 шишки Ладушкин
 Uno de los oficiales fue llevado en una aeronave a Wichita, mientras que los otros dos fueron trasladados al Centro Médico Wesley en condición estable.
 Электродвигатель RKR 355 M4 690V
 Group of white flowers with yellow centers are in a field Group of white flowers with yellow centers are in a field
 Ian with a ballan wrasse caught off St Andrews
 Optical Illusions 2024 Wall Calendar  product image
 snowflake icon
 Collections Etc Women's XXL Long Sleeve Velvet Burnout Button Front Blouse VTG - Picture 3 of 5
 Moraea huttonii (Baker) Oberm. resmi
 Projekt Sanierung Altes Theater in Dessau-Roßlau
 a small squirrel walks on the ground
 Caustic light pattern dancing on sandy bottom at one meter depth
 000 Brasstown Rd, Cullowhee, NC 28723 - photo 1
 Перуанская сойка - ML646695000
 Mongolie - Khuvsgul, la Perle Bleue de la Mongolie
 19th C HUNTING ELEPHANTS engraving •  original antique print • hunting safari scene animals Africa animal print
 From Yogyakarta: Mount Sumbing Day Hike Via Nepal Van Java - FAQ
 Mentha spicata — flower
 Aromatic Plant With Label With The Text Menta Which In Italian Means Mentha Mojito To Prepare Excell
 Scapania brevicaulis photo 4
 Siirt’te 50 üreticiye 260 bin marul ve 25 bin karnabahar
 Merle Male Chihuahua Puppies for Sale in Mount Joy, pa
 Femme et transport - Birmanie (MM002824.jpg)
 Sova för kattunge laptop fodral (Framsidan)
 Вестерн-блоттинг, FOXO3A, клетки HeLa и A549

____________________

__Your instructions__: Of all the entries above, output exactly the lines between the one holding "Mongolie - Khuvsgul, la" and the one holding "Mentha spicata — flower", inclusive.

__Result for this task__:
 Mongolie - Khuvsgul, la Perle Bleue de la Mongolie
 19th C HUNTING ELEPHANTS engraving •  original antique print • hunting safari scene animals Africa animal print
 From Yogyakarta: Mount Sumbing Day Hike Via Nepal Van Java - FAQ
 Mentha spicata — flower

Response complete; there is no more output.